**How to complete this task:** Could you set down exactly the lines in the records below between the line holding "Atlanta 2-zits leren en stoffen bank" and the line holding "Men's Puffer Jacket", inclusive?

[Collected data]
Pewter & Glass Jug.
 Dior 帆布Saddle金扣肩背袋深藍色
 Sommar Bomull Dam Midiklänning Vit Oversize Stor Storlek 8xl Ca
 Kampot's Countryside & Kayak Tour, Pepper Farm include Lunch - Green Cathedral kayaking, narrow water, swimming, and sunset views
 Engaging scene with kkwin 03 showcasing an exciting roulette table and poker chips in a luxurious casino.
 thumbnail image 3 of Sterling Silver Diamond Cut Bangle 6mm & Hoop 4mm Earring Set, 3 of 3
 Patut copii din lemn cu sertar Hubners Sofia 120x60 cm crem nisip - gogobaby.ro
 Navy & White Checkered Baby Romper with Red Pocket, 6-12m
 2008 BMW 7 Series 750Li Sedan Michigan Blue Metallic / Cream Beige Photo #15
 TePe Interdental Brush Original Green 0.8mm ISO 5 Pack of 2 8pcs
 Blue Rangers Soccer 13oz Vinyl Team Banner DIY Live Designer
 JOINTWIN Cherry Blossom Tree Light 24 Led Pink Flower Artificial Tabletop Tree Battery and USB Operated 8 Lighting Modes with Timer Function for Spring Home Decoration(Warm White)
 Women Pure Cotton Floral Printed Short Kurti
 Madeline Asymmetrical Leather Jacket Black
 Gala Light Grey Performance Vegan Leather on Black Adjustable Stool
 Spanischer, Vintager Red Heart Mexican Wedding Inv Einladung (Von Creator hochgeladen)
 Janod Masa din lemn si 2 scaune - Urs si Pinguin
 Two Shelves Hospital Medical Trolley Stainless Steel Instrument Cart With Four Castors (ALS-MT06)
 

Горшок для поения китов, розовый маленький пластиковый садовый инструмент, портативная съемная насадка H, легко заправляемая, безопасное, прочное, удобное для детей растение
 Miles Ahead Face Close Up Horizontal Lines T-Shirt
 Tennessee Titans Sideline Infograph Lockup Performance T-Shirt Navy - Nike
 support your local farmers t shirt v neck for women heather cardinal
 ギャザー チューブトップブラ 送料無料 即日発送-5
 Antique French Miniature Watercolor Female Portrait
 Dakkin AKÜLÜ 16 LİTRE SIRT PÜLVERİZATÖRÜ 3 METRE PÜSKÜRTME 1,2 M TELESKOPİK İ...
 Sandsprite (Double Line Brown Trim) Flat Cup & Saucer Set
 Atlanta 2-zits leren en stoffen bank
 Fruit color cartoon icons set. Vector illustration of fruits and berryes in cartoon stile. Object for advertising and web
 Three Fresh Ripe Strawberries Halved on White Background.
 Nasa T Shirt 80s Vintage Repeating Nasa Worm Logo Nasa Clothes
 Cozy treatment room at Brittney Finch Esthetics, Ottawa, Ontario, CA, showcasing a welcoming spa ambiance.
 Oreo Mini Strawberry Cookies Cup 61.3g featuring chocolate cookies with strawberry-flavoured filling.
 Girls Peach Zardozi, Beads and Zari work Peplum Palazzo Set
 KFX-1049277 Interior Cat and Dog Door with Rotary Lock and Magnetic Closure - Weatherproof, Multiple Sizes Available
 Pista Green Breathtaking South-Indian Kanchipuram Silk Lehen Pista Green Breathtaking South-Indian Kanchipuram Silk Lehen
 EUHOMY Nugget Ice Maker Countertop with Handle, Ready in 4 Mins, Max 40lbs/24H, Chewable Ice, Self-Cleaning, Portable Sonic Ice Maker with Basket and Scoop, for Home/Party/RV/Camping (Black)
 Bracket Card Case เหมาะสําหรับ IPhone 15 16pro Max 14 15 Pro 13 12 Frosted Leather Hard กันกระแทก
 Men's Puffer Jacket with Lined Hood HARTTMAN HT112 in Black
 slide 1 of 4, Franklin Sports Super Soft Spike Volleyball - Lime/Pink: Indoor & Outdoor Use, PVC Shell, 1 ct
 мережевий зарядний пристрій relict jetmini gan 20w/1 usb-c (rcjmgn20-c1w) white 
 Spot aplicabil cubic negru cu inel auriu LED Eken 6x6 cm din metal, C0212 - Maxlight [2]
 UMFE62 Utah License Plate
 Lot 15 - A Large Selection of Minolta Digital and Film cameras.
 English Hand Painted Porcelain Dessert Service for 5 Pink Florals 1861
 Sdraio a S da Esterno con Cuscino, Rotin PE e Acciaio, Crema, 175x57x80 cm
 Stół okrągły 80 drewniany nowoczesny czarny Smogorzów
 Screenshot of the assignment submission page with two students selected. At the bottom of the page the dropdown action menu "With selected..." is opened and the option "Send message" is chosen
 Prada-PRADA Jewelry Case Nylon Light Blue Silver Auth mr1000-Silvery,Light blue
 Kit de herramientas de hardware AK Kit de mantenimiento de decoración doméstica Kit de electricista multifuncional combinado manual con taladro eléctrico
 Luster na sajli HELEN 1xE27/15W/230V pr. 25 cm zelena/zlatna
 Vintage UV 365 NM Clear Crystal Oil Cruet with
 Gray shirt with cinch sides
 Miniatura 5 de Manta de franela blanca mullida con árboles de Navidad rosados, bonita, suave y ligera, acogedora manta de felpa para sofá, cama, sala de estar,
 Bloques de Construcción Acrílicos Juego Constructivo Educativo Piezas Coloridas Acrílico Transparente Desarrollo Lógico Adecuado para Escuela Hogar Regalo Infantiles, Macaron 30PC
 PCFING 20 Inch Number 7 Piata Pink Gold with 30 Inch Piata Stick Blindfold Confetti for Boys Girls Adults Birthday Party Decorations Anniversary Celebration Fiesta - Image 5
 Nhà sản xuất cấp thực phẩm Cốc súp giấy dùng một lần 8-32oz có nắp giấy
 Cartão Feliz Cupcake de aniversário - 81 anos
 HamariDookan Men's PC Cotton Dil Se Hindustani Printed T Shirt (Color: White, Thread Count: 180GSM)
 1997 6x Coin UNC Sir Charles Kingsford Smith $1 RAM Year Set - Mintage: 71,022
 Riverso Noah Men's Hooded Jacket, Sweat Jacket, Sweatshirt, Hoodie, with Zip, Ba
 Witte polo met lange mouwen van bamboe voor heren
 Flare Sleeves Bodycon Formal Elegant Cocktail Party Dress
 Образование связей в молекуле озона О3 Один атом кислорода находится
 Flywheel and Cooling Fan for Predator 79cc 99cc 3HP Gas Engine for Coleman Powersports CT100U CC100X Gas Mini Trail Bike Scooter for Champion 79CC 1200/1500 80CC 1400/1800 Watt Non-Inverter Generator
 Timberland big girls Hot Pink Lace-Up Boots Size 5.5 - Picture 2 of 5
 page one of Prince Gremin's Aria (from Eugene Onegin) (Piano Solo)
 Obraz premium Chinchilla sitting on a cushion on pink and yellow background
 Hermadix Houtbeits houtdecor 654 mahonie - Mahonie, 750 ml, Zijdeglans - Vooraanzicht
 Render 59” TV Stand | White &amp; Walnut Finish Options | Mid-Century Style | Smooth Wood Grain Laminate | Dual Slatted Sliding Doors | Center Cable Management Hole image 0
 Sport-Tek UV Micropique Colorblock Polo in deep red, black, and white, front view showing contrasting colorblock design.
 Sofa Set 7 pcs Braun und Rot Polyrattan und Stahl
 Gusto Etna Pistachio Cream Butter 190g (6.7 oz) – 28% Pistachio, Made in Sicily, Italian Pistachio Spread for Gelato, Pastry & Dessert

**Answer for this exercise:**
 Atlanta 2-zits leren en stoffen bank
 Fruit color cartoon icons set. Vector illustration of fruits and berryes in cartoon stile. Object for advertising and web
 Three Fresh Ripe Strawberries Halved on White Background.
 Nasa T Shirt 80s Vintage Repeating Nasa Worm Logo Nasa Clothes
 Cozy treatment room at Brittney Finch Esthetics, Ottawa, Ontario, CA, showcasing a welcoming spa ambiance.
 Oreo Mini Strawberry Cookies Cup 61.3g featuring chocolate cookies with strawberry-flavoured filling.
 Girls Peach Zardozi, Beads and Zari work Peplum Palazzo Set
 KFX-1049277 Interior Cat and Dog Door with Rotary Lock and Magnetic Closure - Weatherproof, Multiple Sizes Available
 Pista Green Breathtaking South-Indian Kanchipuram Silk Lehen Pista Green Breathtaking South-Indian Kanchipuram Silk Lehen
 EUHOMY Nugget Ice Maker Countertop with Handle, Ready in 4 Mins, Max 40lbs/24H, Chewable Ice, Self-Cleaning, Portable Sonic Ice Maker with Basket and Scoop, for Home/Party/RV/Camping (Black)
 Bracket Card Case เหมาะสําหรับ IPhone 15 16pro Max 14 15 Pro 13 12 Frosted Leather Hard กันกระแทก
 Men's Puffer Jacket with Lined Hood HARTTMAN HT112 in Black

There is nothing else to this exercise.